FIGS. 3 and 4 show cryopump 70 which is an embodiment of the present invention similar to cryopump 10 shown in FIGS. 1 and 2. Cryopump 70 operates in the same manner as cryopump 10 (FIGS. 1 and 2), the only difference being that cryopump 70 has polygonal cryopanel 72 occupying the interior of radiation shield 18.

Polygonal cryopanel 72 has four faces 78 and four faces 79 which are radially staggered, faces 78 being on a larger radius than faces 79. Each face 78 is next to a face 79 with a slit 76 therebetween.
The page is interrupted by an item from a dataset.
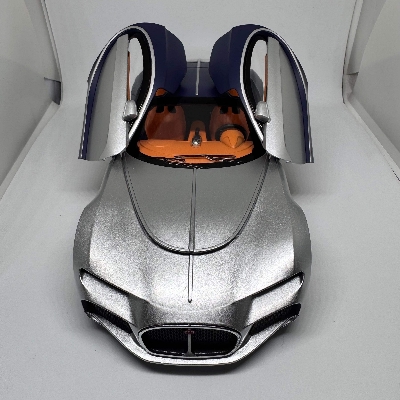Picture of Luxury Model Car – Premium Die-Cast Model Car For Collection (1:24) (Bugatti)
Slits 76 are oriented at an angle so that slits 76 are small when looking perpendicularly from radiation shield 18 and large when looking at a nonperpendicular angle from radiation shield 18. In this manner, higher boiling point gases bouncing perpendicularly from radiation shield 18 are substantially prevented from entering polygonal cryopanel 72 while a portion of very low boiling point gases which bounce from radiation shield 18 at nonperpendicular angles are allowed to enter the interior of polygonal cryopanel 72. In an alternative embodiment there can be any number of faces 78, faces 79 or slits 76. Charcoal box 130 (FIG. 12) is housed within polygonal cryopanel 72 and slits 76 in the walls of polygonal cryopanel 72 allow low boiling point gases such as hydrogen access to charcoal box 130 (FIG. 12). Radial staggering of faces 78 and faces 79 allows low boiling point gases through polygonal cryopanel 72 but condenses higher boiling point gases moving perpendicular to radiation shield 18 which are likely to hit either faces 78 or faces 79.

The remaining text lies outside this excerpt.